**Dataset records**
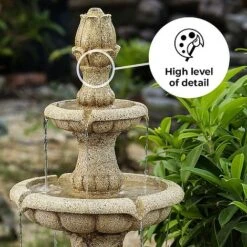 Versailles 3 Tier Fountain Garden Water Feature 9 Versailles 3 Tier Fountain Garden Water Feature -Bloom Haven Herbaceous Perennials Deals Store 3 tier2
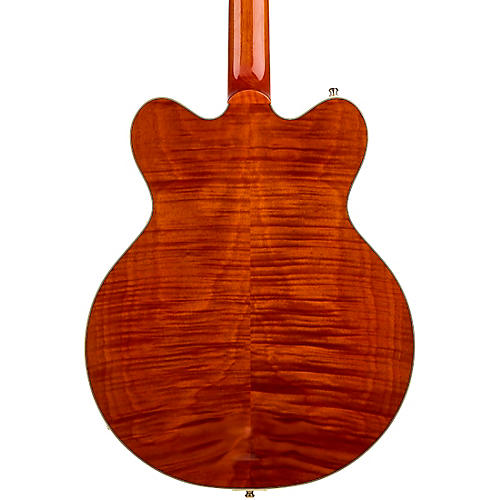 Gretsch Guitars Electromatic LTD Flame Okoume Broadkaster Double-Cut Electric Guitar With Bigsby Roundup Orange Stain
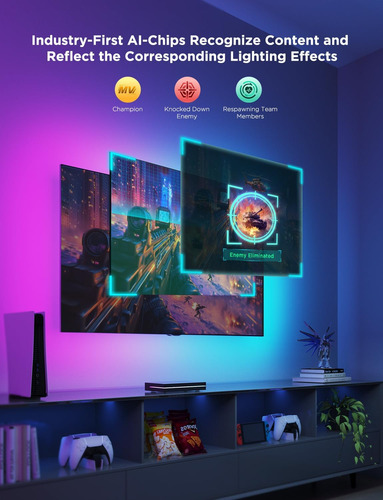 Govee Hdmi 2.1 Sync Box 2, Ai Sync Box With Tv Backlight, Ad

...

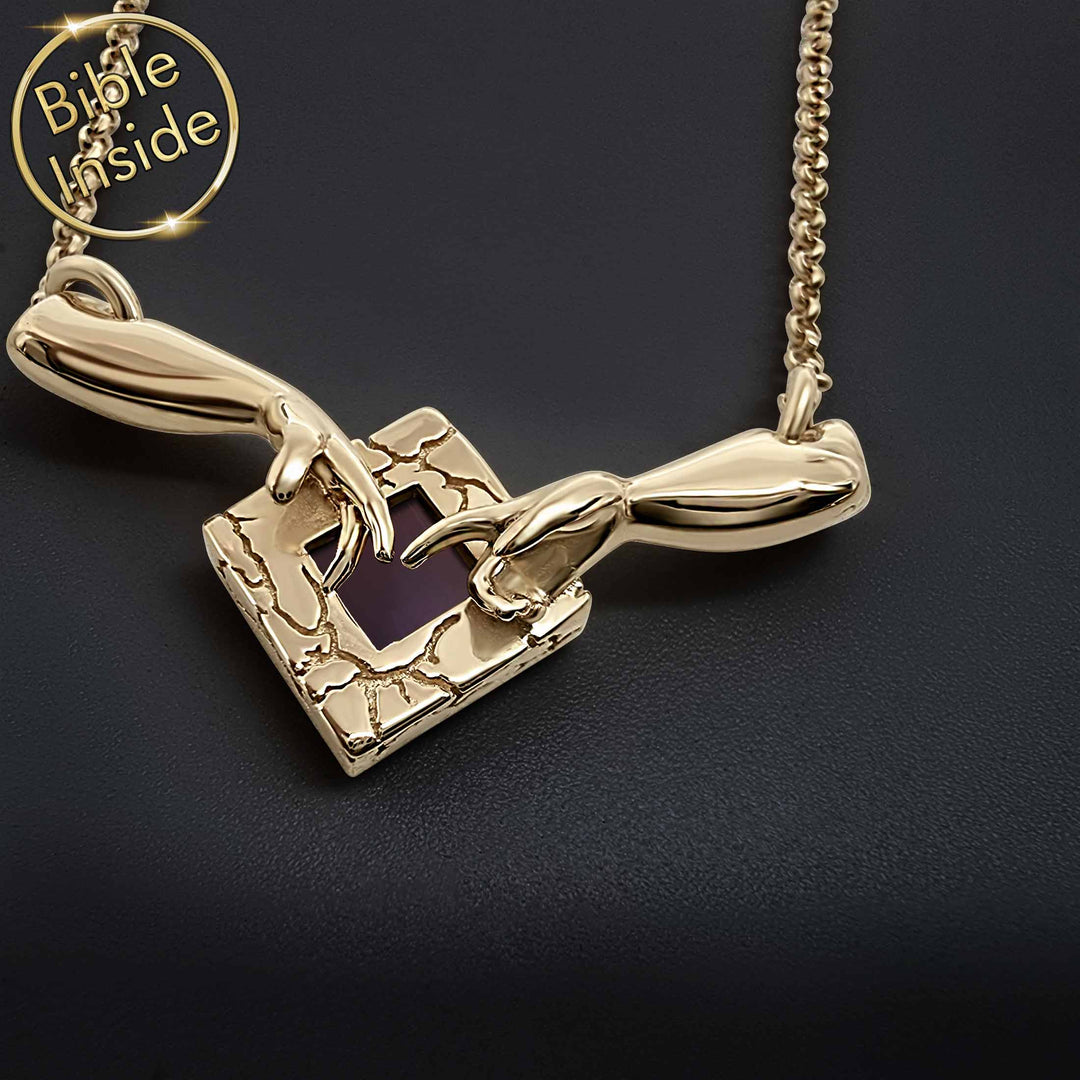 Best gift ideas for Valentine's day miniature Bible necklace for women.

**Your assignment**
Exact copy, no pictures. Write out the lines in the entries above, starting with the line with "Versailles 3 Tier Fountain Garden Water Feature 9" and going on through the line with "Govee Hdmi 2.1", keeping both.

**Task result**
 Versailles 3 Tier Fountain Garden Water Feature 9 Versailles 3 Tier Fountain Garden Water Feature -Bloom Haven Herbaceous Perennials Deals Store 3 tier2
 Gretsch Guitars Electromatic LTD Flame Okoume Broadkaster Double-Cut Electric Guitar With Bigsby Roundup Orange Stain
 Govee Hdmi 2.1 Sync Box 2, Ai Sync Box With Tv Backlight, Ad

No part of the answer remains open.